I performed a "clear & delete everything" reset and, after resetting the unit (Hughes model # SD DVR-40), I could not get the local channels. These are channels 5, 11, 39, etc. + others that are receieved from an 2nd dish/satellite (the 72.5ºW satellite I believe). Channels from the dual LNB on the first dish (101º(A) satellite) are fine (channels 89 and up). A Direct TV CSR told me to unplug and restart, which I did, and this didn't help. He then wanted to upgrade to a DirectTV DVR. This is an older TiVo unit that I would rather not trade for DVR.

I received the local channels before I did the reset, so I don't understand why I shouldn't be able to received them now. I also have a another receiver in another room that continues to receives local channels, so the signal is there. Please advise is anyone knows how to fix. - Thanks. Trip 


Other trouble-shooting that I've tried:
The local channels (below 89) do NOT appear in the guide, and I do receive any special message except the normal non-channel message that states “No information available” when I manually go to a particular local channel.

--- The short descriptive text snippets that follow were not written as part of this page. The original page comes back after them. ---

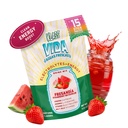 Hydration + Energy Electrolyte Drink Mix - Strawberry Watermelon Agua Fresca Flavor 124; sukkerfrit pulver med koffein, L- Theanine, kokos vand & mineraler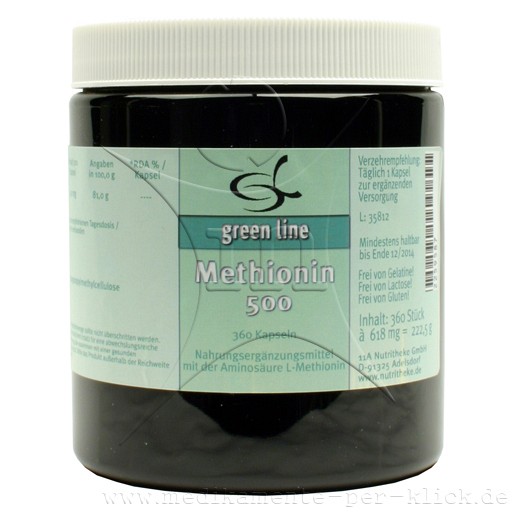 METHIONIN 500 Kapseln - 360Stk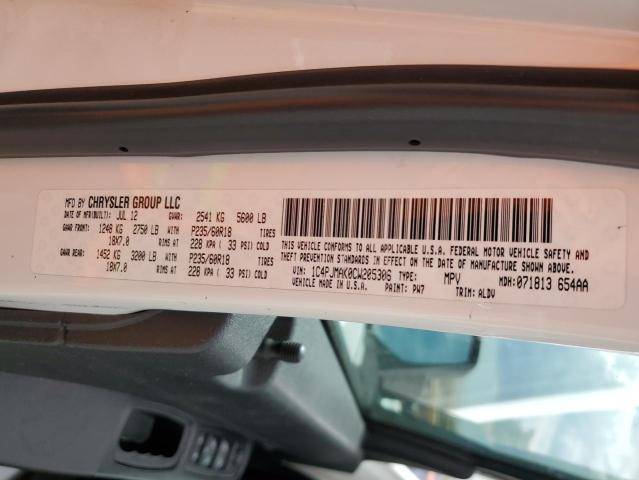 Photo 10 from auction – 2012 JEEP LIBERTY SP with VIN 1C4PJMAK0CW205306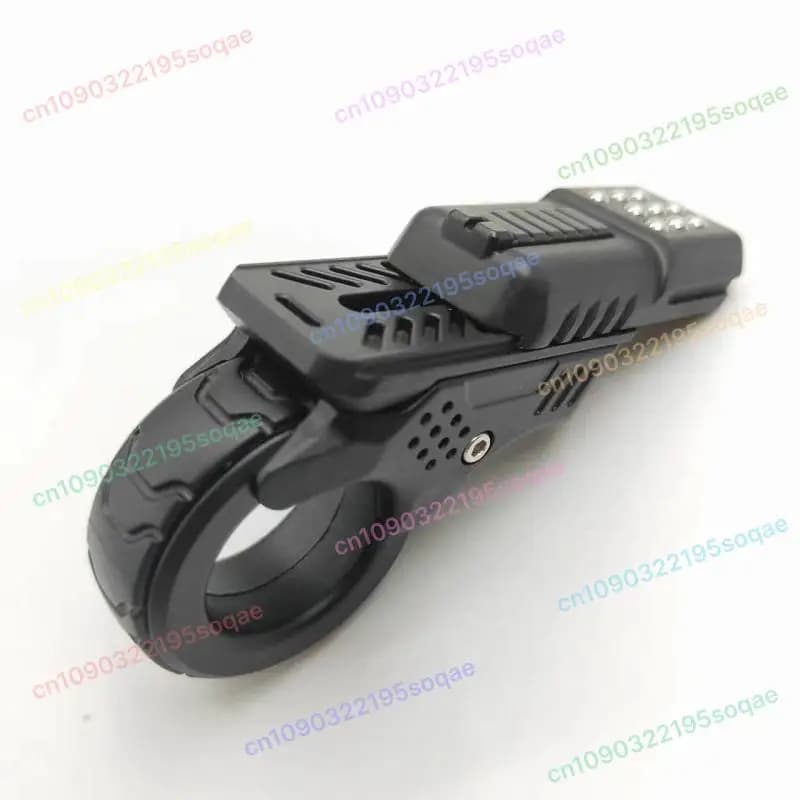 stock Zoom Lega Cricchetto Ruota Fidget Anello EDC Haptic Slider Fidget Spinner Multifunzione Metallo Fidget Toys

Under “Satellite Settings” there is an option “Auto-Detect Satellite Information” on the same menu as the “Repeat Guided Setup”. I have tried this also. When selected, it appears to check for and/or detect satellites on both inputs: After about 5 minutes it shows that both 101º (A) and Satellite 72.5º detected. Then it goes thru the re-acquiring process again and ends. Seeing that it has detected Satellite 72.5º, Iwould like to think that unit is ready for local channels; but not the case, I still do NOT get the local channels. So the process doesn’t appear to make any difference. If you have any ideas/suggestions please advise - Trip


----------



## Trip (May 23, 2009)

At 8:30 pm tonight I turn TV and low and behold, I had the local channels. I didn't do anything, so it must have been been a system delay in loading up after the hard drive restart??? Anyway it is working perfectly. - Trip


----------



## litzdog911 (Jun 23, 2004)

Probably just took a while for the Tivo's channel authorization to come through. Glad you got it working!


----------



## miketorse (Jul 30, 2008)

Wow, congrats!


----------



## Go Beavs (Nov 18, 2008)

I had the same thing happen to my TiVo. Went through the whole CSR "pull the plug and reboot" thing to no avail. In the end, they refreshed my services and viola! there were my locals in stunning SD.


----------